Activity —
Every record below must come back exactly as written, with the images dropped.

Entries provided —
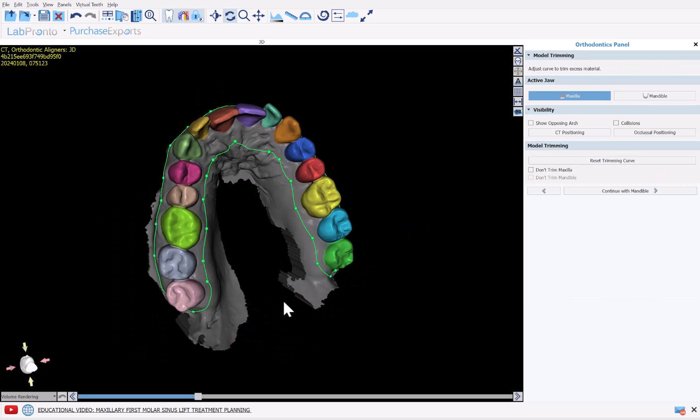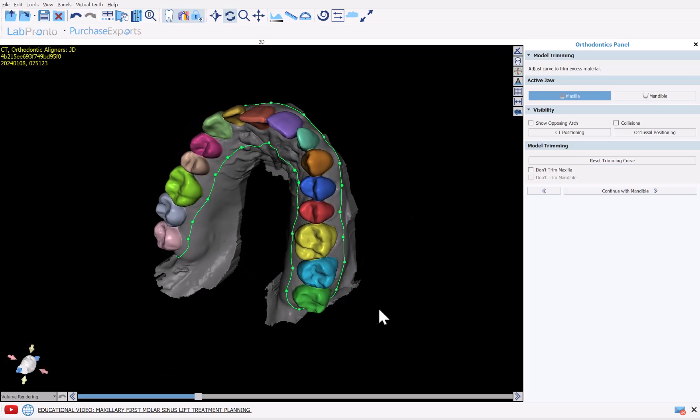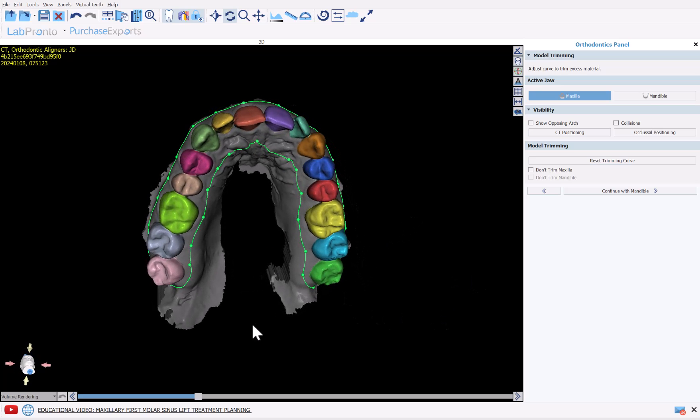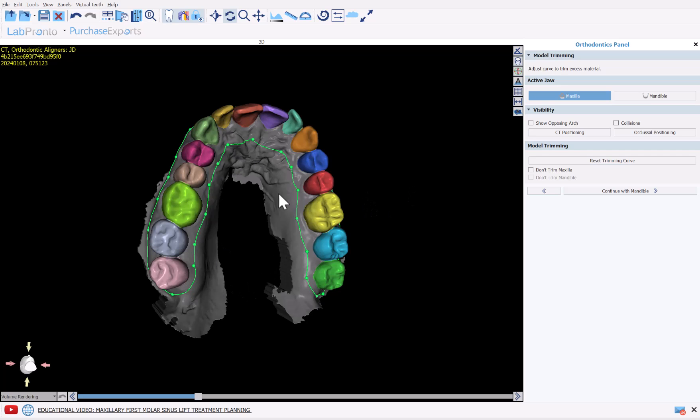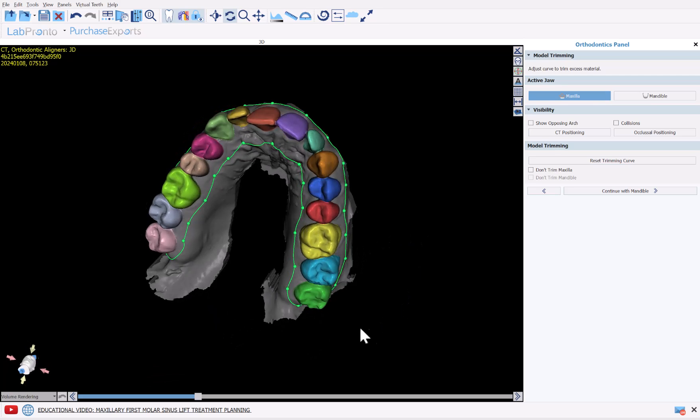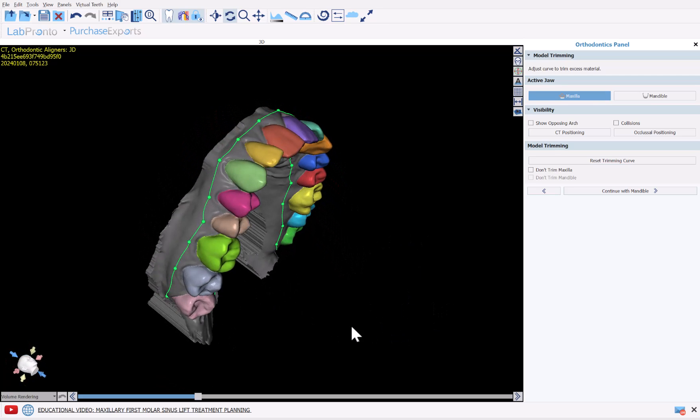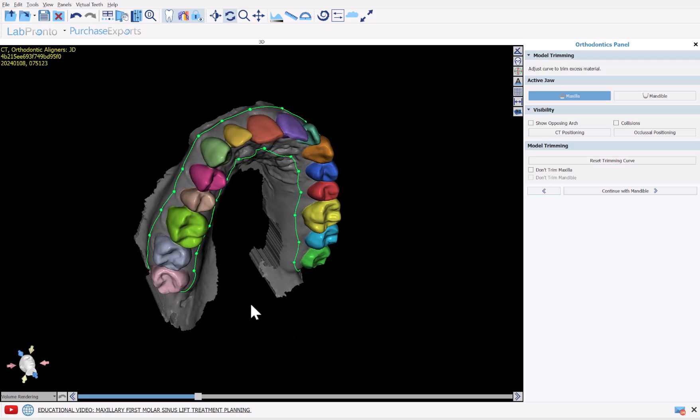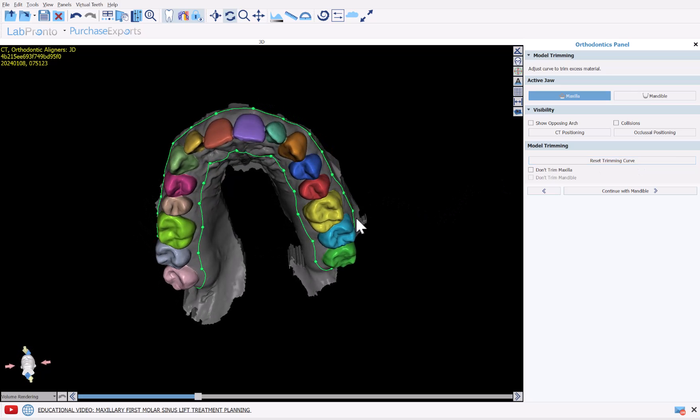The software now automatically places a model trim curve on the model. We could review the placement of the trim curve, modify accordingly just by grabbing and dragging any of the nodes if needed. Essentially everything outside of the curve, all this area here is going to be cut away. Any area within the curve is going to stay and be part of the model. So we're going to review the curve. If for whatever reason we don't want to trim, just click the box Don't Trim Maxilla or Don't Trim Mandible. If you make changes to the curve and you want to reset the curve to the automatic position, just click Reset Trimming Curve.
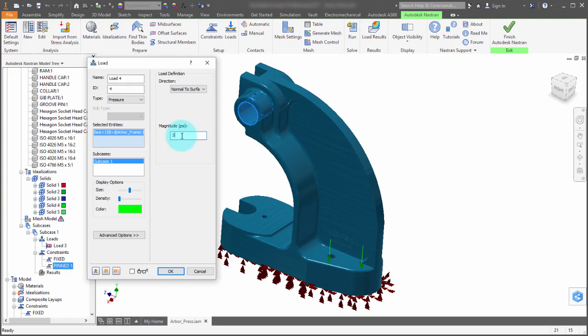And I want 50 psi. Now the reason why it's in psi is because my units are set to imperial units.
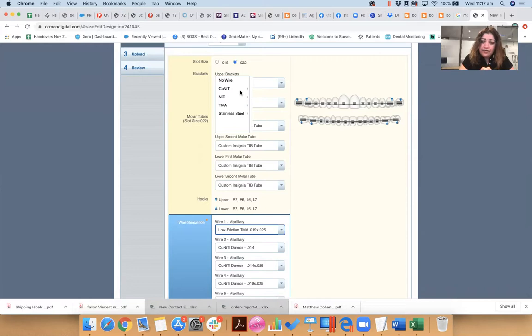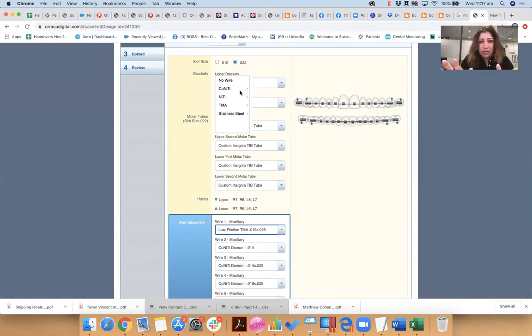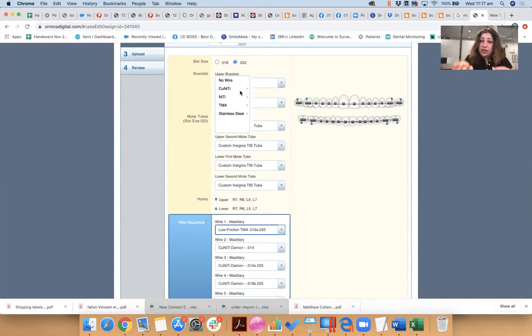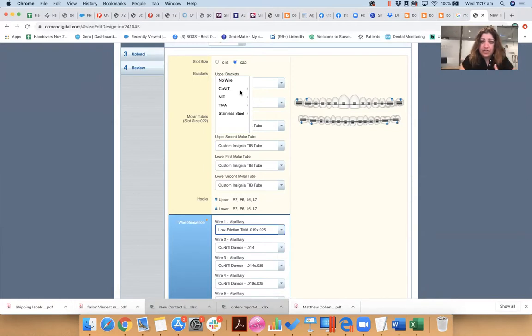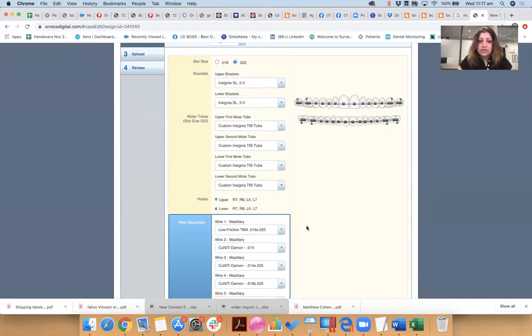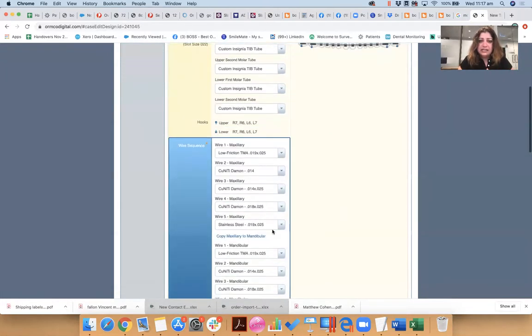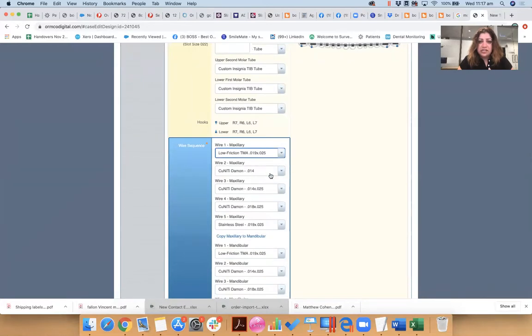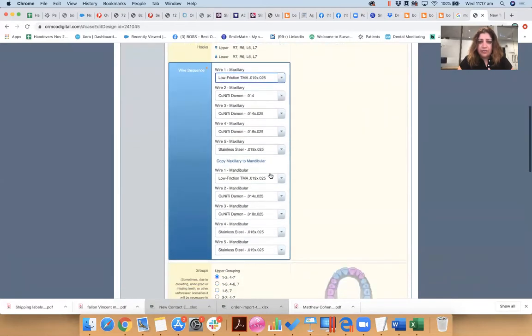Okay, if it's a Class I case, for example, with mild crowding or moderate crowding, you might just want to have some round wires customized and then some rectangular as you go through treatment. But if you've got a Class III case, you might not want any rectangular wires for the lower arch, right? Really, really depends on your treatment objectives.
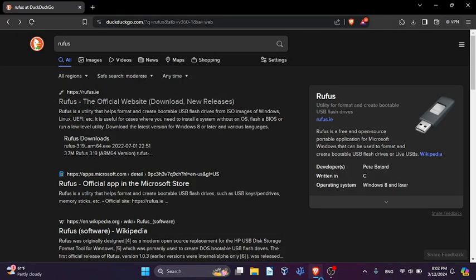What's going on everybody, so today I'm going to show you how to flash an ISO image to a USB stick to make it bootable.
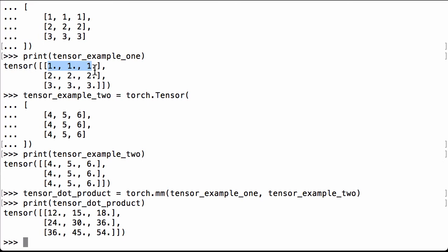Similarly, for the first row, third column, 1 times 6, 1 times 6, 1 times 6, so 6 plus 6 plus 6 is 18.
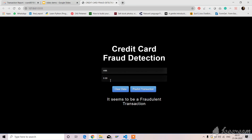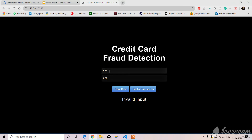If you give some invalid data or something, the transaction might be flagged as invalid input. And if you give some random values which are not present in the dataset, it might give you the output as invalid data.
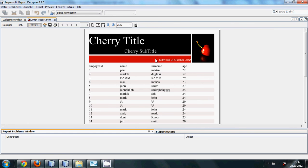So in the next video I will show you how to open this report with the help of your NetBeans Java program. So thanks for now and please rate, comment, and subscribe. Bye bye.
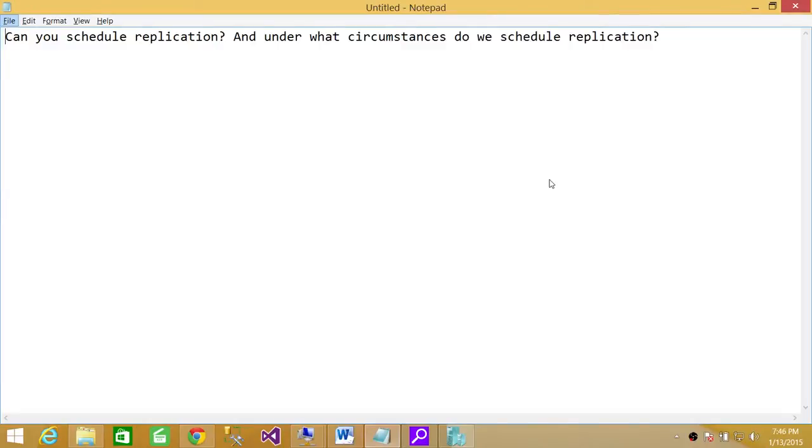Welcome to Tech Brothers. In this video we're going to answer a question: Can you schedule replication, and under what circumstances do we schedule replication?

Response box —
The software now automatically places a model trim curve on the model. We could review the placement of the trim curve, modify accordingly just by grabbing and dragging any of the nodes if needed. Essentially everything outside of the curve, all this area here is going to be cut away. Any area within the curve is going to stay and be part of the model. So we're going to review the curve. If for whatever reason we don't want to trim, just click the box Don't Trim Maxilla or Don't Trim Mandible. If you make changes to the curve and you want to reset the curve to the automatic position, just click Reset Trimming Curve.
And I want 50 psi. Now the reason why it's in psi is because my units are set to imperial units.
Okay, if it's a Class I case, for example, with mild crowding or moderate crowding, you might just want to have some round wires customized and then some rectangular as you go through treatment. But if you've got a Class III case, you might not want any rectangular wires for the lower arch, right? Really, really depends on your treatment objectives.
What's going on everybody, so today I'm going to show you how to flash an ISO image to a USB stick to make it bootable.
Similarly, for the first row, third column, 1 times 6, 1 times 6, 1 times 6, so 6 plus 6 plus 6 is 18.
If you give some invalid data or something, the transaction might be flagged as invalid input. And if you give some random values which are not present in the dataset, it might give you the output as invalid data.
So in the next video I will show you how to open this report with the help of your NetBeans Java program. So thanks for now and please rate, comment, and subscribe. Bye bye.
Welcome to Tech Brothers. In this video we're going to answer a question: Can you schedule replication, and under what circumstances do we schedule replication?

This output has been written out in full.